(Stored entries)

+ + + + +

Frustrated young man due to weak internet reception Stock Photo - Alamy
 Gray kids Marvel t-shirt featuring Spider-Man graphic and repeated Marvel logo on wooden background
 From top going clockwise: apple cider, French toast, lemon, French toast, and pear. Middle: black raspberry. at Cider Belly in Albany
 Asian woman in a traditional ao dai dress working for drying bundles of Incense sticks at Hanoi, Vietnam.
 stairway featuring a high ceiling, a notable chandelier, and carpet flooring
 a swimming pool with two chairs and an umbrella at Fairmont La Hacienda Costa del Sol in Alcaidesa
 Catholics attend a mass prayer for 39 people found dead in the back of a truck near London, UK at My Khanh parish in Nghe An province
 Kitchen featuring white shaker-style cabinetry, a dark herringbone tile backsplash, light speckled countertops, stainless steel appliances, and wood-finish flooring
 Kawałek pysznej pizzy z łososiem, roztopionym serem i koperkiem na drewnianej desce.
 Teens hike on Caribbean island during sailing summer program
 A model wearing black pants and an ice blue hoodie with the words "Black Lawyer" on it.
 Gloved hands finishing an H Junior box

+ + + + +

(Task requirements) Please give only the number of lines above that contain "flooring".

(Your solution) 2